Microsoft's Seeing AI embraces LiDAR and Spatial Audio

Published by at

Microsoft's 'Seeing AI' app, here for iOS, allows blind or partially sighted people to 'see' information around them, using a phone's camera and loads of server and local Artificial Intelligence. It's been available for a while but has now been significantly improved by incorporating the LiDAR scanners on the new iPhone 12 Pro range to range find objects in a room and feed this back through audio descriptions presented in stereo 'Spatial Audio'. Always improving, it's good to see Seeing AI's evolution - there will be much more in 2021.
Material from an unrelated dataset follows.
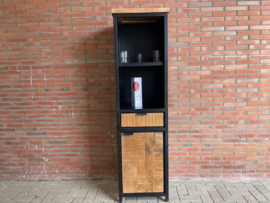 Cod collectie 1 deur 1 ladekast 180x40x50 Front blank mango en zwart metaal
LiDAR support on the iPhone 12 Pro and 12 Pro Max unlock extra capabilities, evidenced in the full changelog as found on the iOS App Store:

  • The new World channel, available on devices with a LiDAR scanner running iOS 14, enables you to explore an unfamiliar space in 3D, using spatial audio. When wearing headphones, you will hear objects around you announced from their location in the room. You can also find a particular object by placing an audio beacon on it. We are keen to hear your feedback on this early experiment, and invite you to work with us as we explore this new area together with the community.
  • On iPhone 12 Pro and Pro Max, the haptic proximity sensor enables you to point the LiDAR scanner and feel the distance to things around you
  • The main screen has been visually redesigned to improve contrast and widen the camera's field of view
  • Improvements to image descriptions on the Scene channel, and when browsing photos on your phone
  • Improved text recognition accuracy on the Document channel
  • Seeing AI is now available in seven additional languages: Czech, Danish, Finnish, Greek, Hungarian, Polish, and Swedish

A possible life saver for the blind, it's fun to experiment with if you're sighted too, to see what's possible with real time object and text recognition. It's fair to say that the LiDAR and Spatial Audio stuff is in its early days, but it does work. Walk into an office and there's a chorus of "Book!" "Book!" "Book!" from 'all around' you (on headphones), for example!

Screenshot

Having stereo awareness is a nice touch, though not exactly essential as a blind person already knows the orientation of their own phone and camera. The LiDAR haptics integration also works, but you have to be very tuned into the vibration variations in order to use it properly - in my tests, the phone just felt like it was 'buzzing' and I couldn't tell differences. But then I'm not blind! I'm sure these facilities will carry on improving and I'll keep the app installed for testing in 2021.

Anyone else used or played with this?

PS. Seeing AI also works on older iPhones with simpler camera set-ups, though with slightly less features. The text recognition is stunning, mind you. Reading signs and menus is astonishingly fast and good.